John O'Neill
- Born: 18 September 1973 (age 52) Ballina, County Mayo, Ireland
- Height: 1.88 m (6 ft 2 in)
- Weight: 104 kg (16.4 st; 229 lb)

Rugby union career
- Position: Wing

Amateur team(s)
- Years: Team / Apps / (Points)
- Highfield
- –: Sundays Well
- –: Shannon
- –: Midleton

Senior career
- Years: Team / Apps / (Points)
- 1998–2005: Munster / 73 / (60)

= John O'Neill (rugby union, born 1973) =

John O'Neill (born 18 September 1973) is an Irish former rugby union player.

==Career==
Born in Ballina, O'Neill first began playing rugby for Highfield's underage teams, before joining their senior team at the age of 17. He then joined another Cork club, Sundays Well, where his performances saw him join the Munster squad ahead of the 1998–99 season, going on to play in the 2000 Heineken Cup Final defeat against English side Northampton Saints and again in the inaugural final of the [Celtic league final]in 2001 defeat against Leinster. In 2002 he went on to play against Leicester in the Heineken cup final in the millennium stadium where Munster were defeated again .
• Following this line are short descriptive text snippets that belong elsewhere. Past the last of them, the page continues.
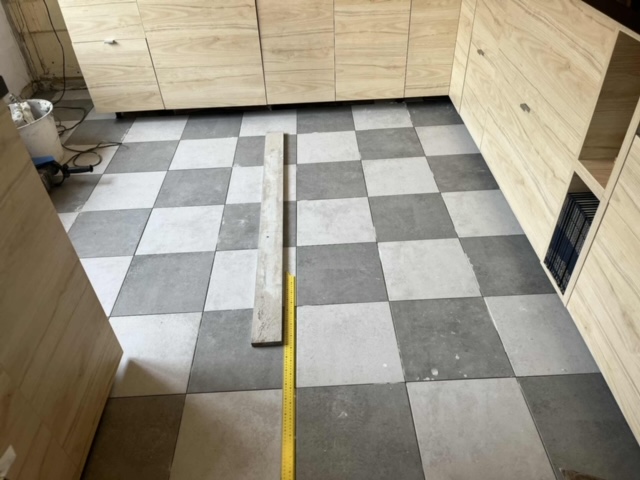 Klinkergolv i hall, kök och tvättstuga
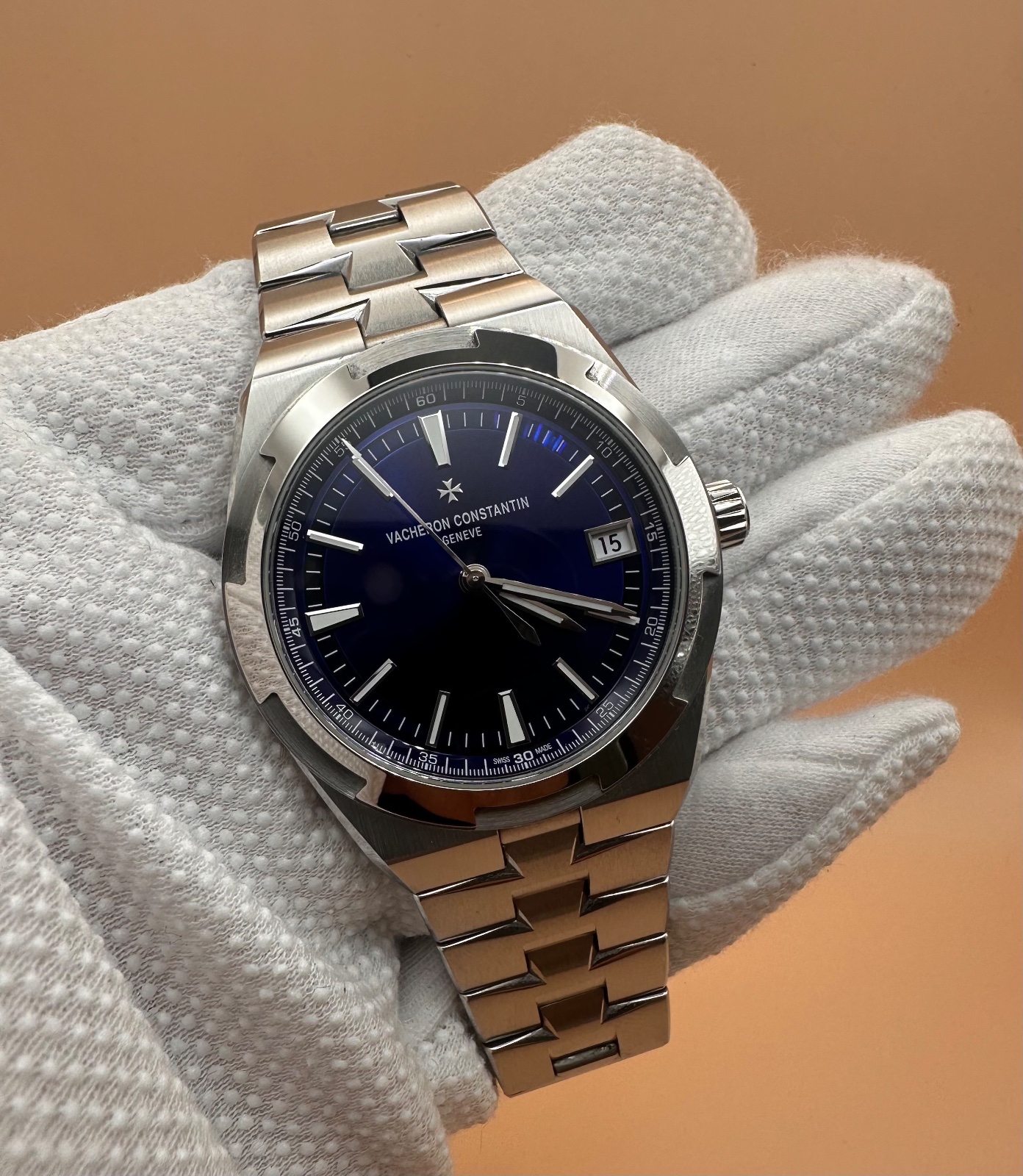 Vacheron Constantin Overseas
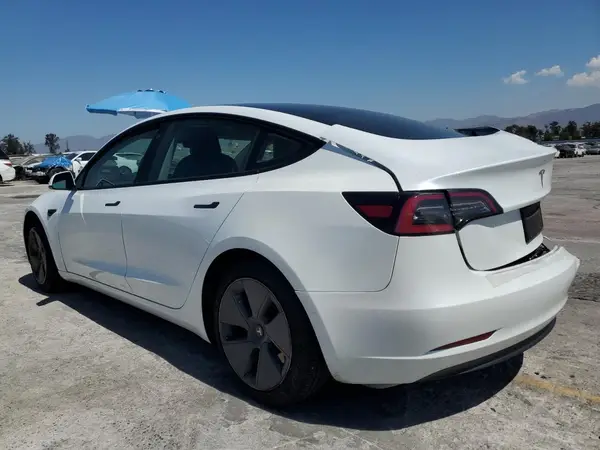 5YJ3E1EB7NF342911 2022 TESLA MODEL 3 - Image 2
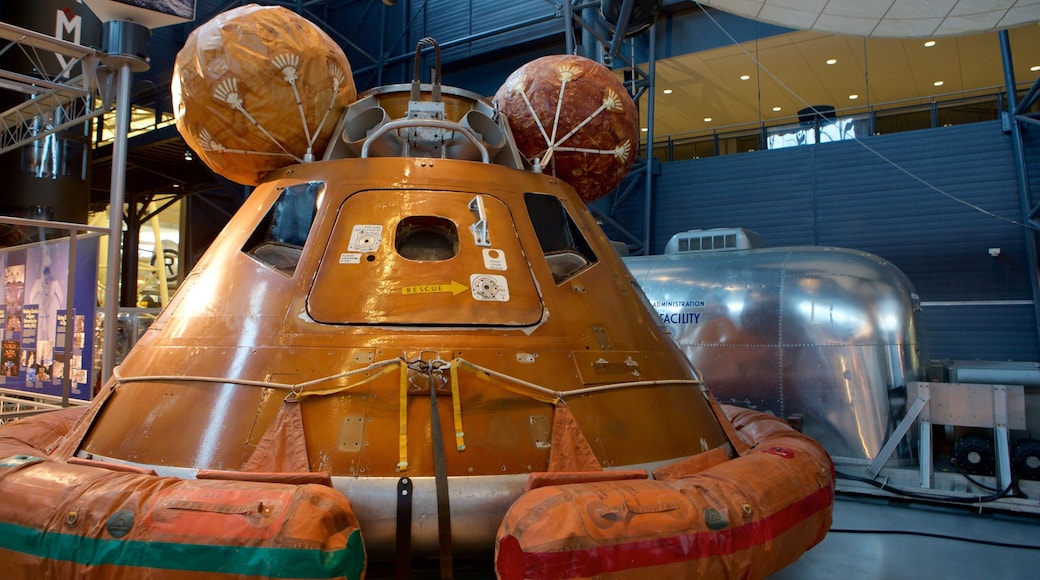 National Air and Space Museum Steven F. Udvar-Hazy Center ซึ่งรวมถึง การตกแต่งภายใน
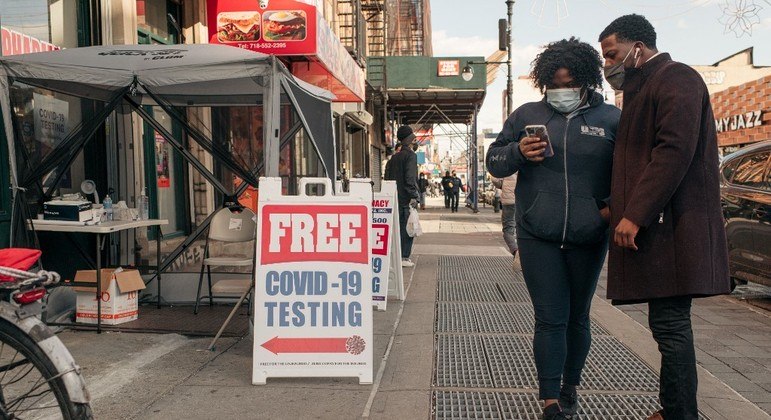 Casal aguarda resultado de teste de Covid-19 diante de centro de testagem em Nova York
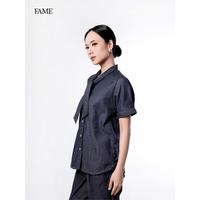 Gambar FAME | Studio Tie Blouse | Blouse Wanita Denim Look Pita Leher Smart Casual | 9221613 - Dark Denim, XL dari FAME Official Kota Surabaya 3 Tokopedia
He is perhaps best known for scoring the infamous "try that wasn't" in Munster's 16–15 Heineken Cup semi-final defeat against Stade Français in 2001. O'Neill scored a try in the corner to win the game but it was disallowed by the referee, who had judged that the ball had gone into touch before O'Neill grounded it. Despite television replays proving that O'Neill had in fact scored a legitimate try, the video evidence could not be used, as it was only available in the Six Nations at the time. The try would have given Munster the win, but instead Stade hung on for the victory.

O'Neill was called up to the Ireland squad that toured new Zealand in 2002 but he never won any international caps. He retired from rugby due to an ankle injury in July 2004 and has since gone on to become a community rugby officer for the province.